Evangelism is being redefined for me.
I've been thinking about selling a product as an analogy to sharing the gospel. Though it's probably not the best analogy, it brings out a few interesting points.
Somewhere along they way I began to see evangelism as a sales pitch. I have a product that you need and you don't know that you need it so I'm going to try to convince you that you need it. Hopefully by the time we're done you've agreed to try the product out and I go and tell everyone I've sold it! Everyone wins right?
First problem I see is the push to prove a person's need to them. I think before someone decides to follow Jesus they should be aware of their current state, that's very important. But for us to try to convince someone that they are in need seems like manipulation. Like all our current advertising: convenience and pleasure is made to be a perceived need. And if this product doesn't work out for me I can go get my convenience and pleasure from another (or so the claims go). Are real needs being met? Or are they manufactured?

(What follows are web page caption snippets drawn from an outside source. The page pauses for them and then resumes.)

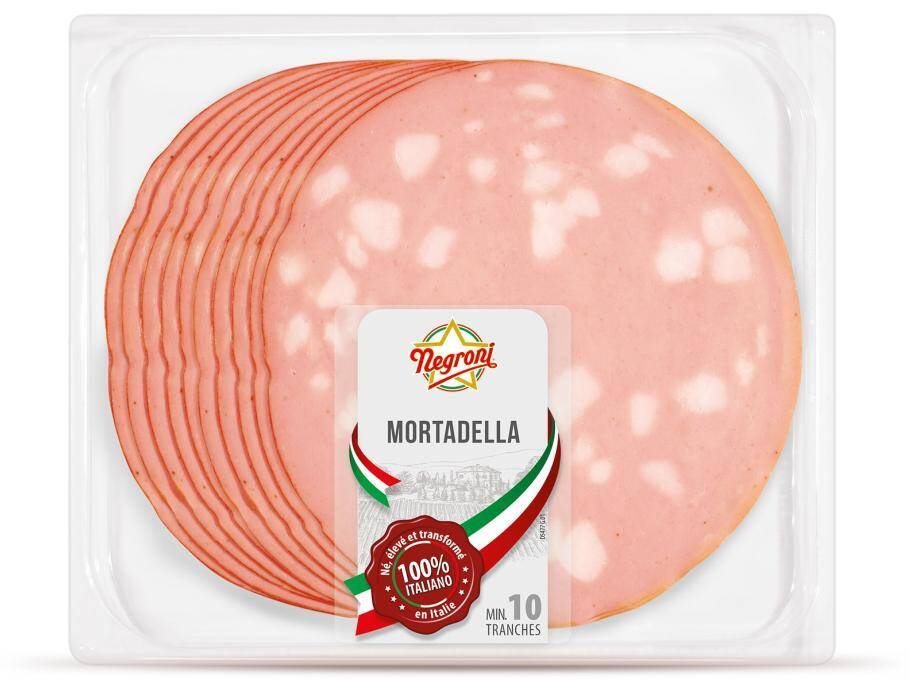 Mortadella krojona, plastry 200g/8 Negroni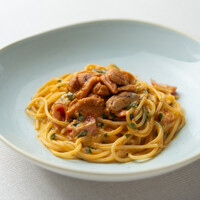 北海道産生雲丹のトマトクリーム スパゲッティ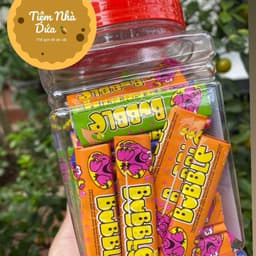 Lọ 100c Kẹo Gum Cao Su Vị Trái Cây Kèm Hình Xăm Ngọt Ngọt Ngon Ngon Candy Candy Ăn Vặt Snack Food 5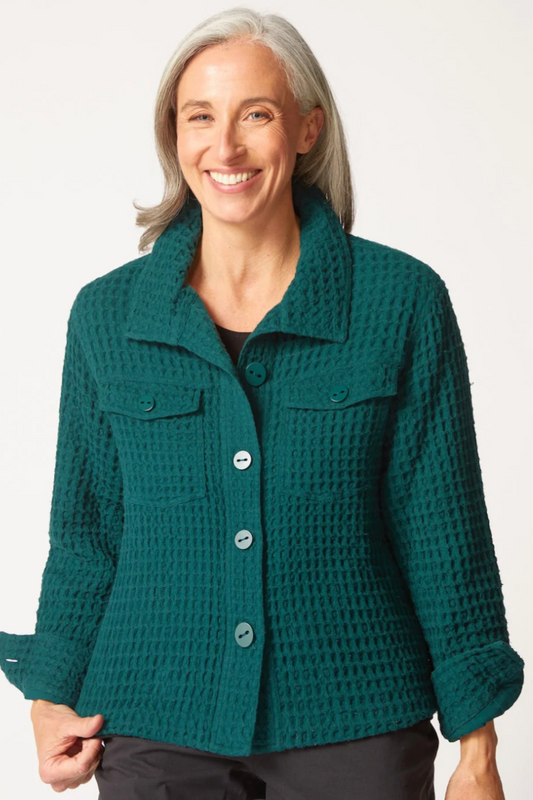 Habitat Washed Honeycomb Shacket-NEW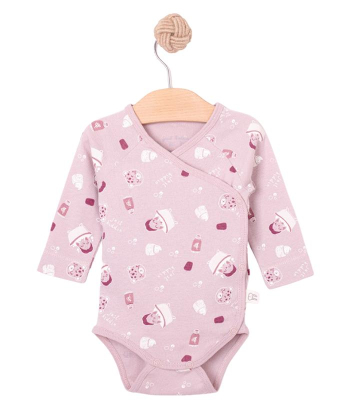 Just Kiddin baby bodi na preklop za devojčice 3-6 meseci Self Care Rose&Purple - 18000539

Does the gospel we present meet real needs or manufactured needs?
Another issue with the above is that the focus in on the initial commitment. If I had a product and did really well getting that initial commitment from customers but many of those customers ended up not buying the product ever again, well then I'd see this product as bad or our customer support is bad. If the focus is on the initial contract and no effort is taken to maintain the relationship, then there will be no long term customers. If the goal of the product is to serve the customer but I'm focusing my business on getting contracts, then the service of the customer will suffer.
Is our focus on getting a commitment or a decision to Jesus meeting our real objectives?
That being said: what are the objectives we seek to accomplish? Do the methods we use help the process?